• **Provided records**
== Segment start ==

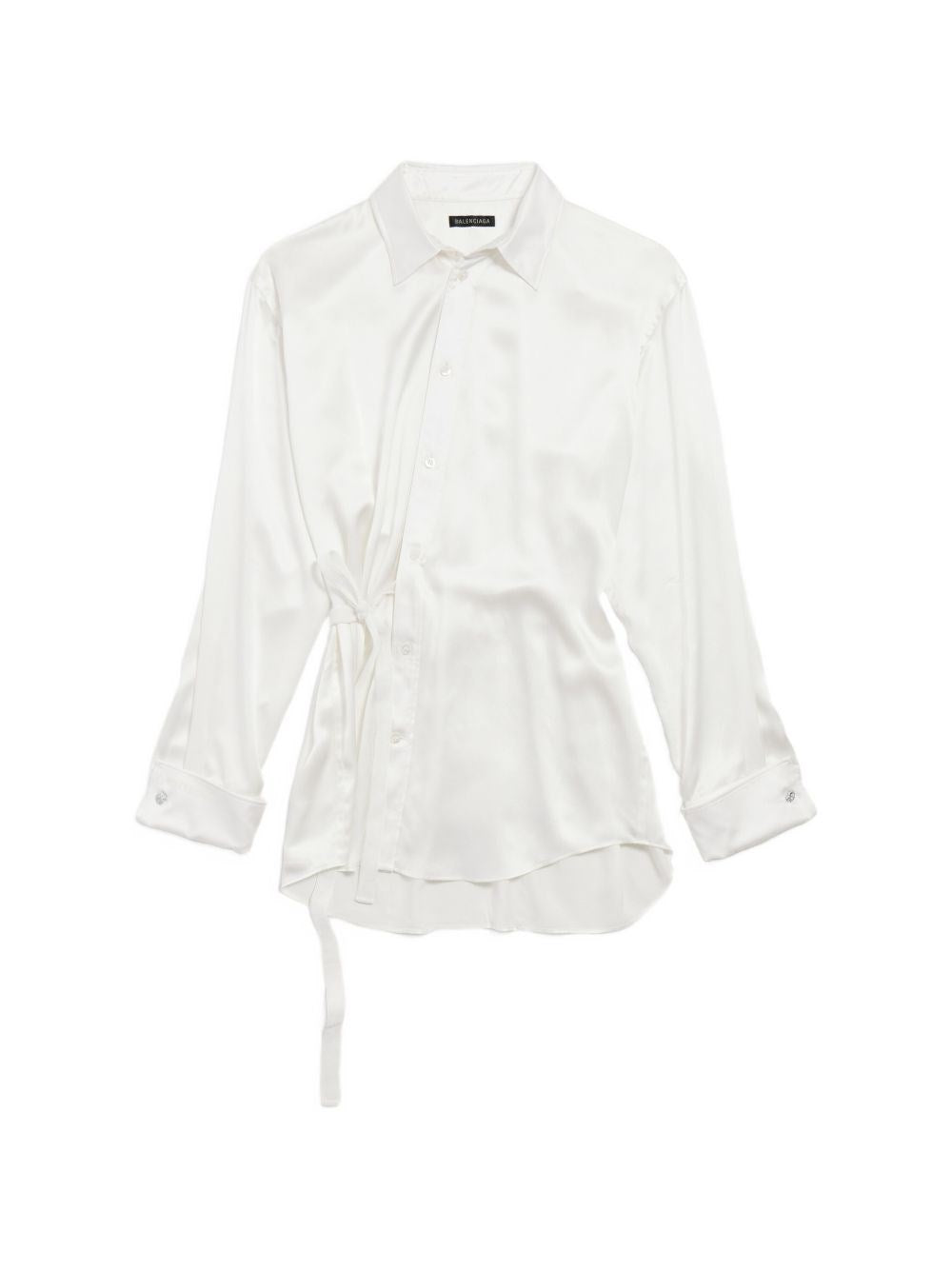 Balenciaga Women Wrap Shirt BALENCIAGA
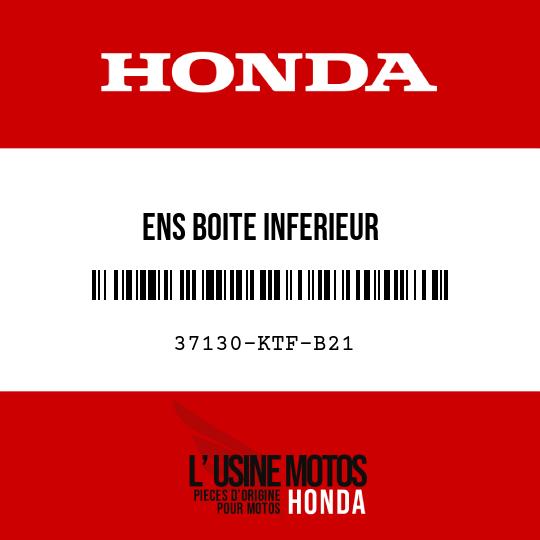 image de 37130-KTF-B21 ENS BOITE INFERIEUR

== Segment end ==
== Segment start ==

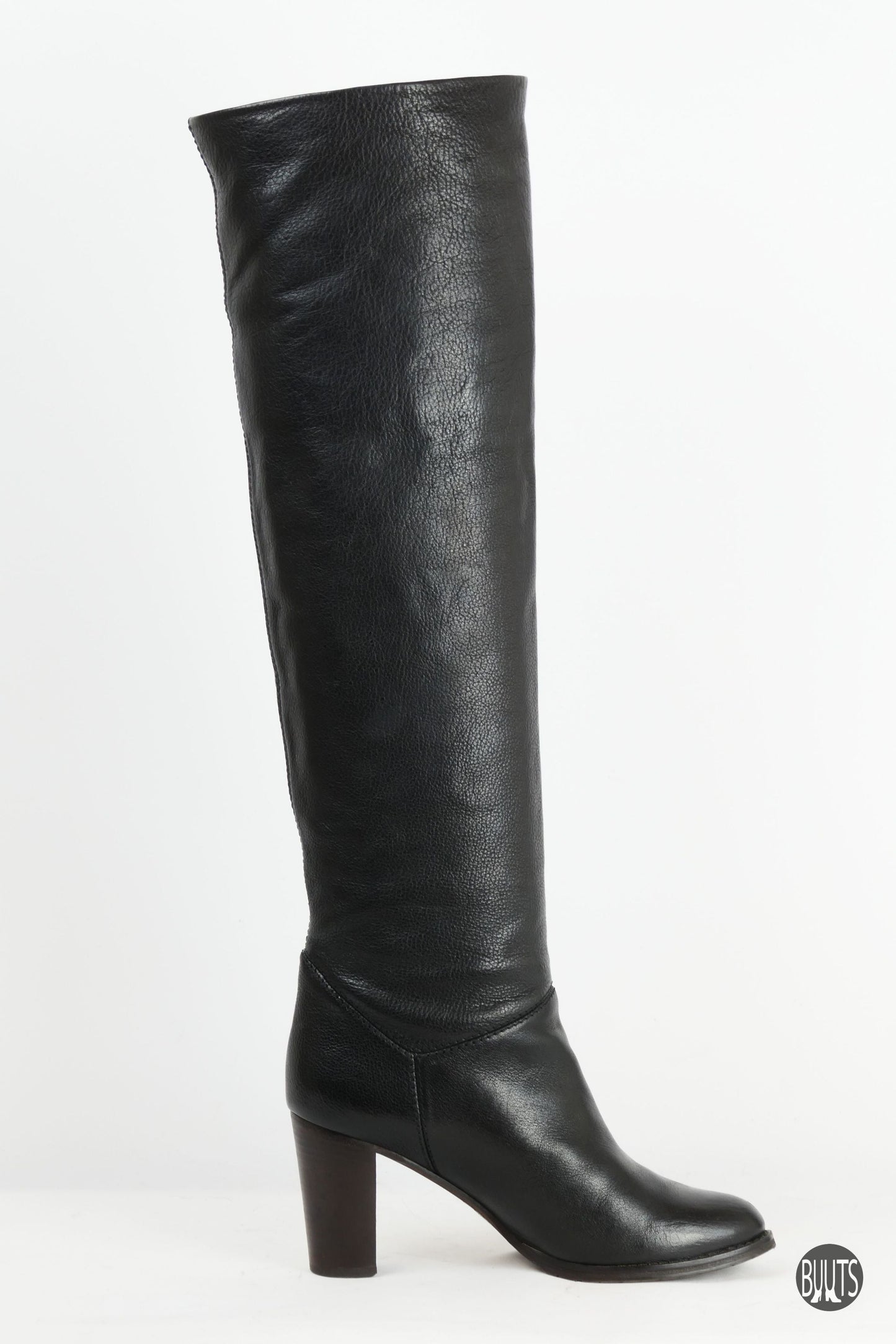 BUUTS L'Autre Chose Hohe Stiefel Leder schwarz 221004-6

== Segment end ==

• **About this task**
Within the material above, find the part that opens with the line containing "Balenciaga Women Wrap Shirt BALENCIAGA" and closes with the line containing "image de 37130-KTF-B21 ENS BOITE INFERIEUR", and reproduce it exactly without the pictures.

• **Written reply**
 Balenciaga Women Wrap Shirt BALENCIAGA
 image de 37130-KTF-B21 ENS BOITE INFERIEUR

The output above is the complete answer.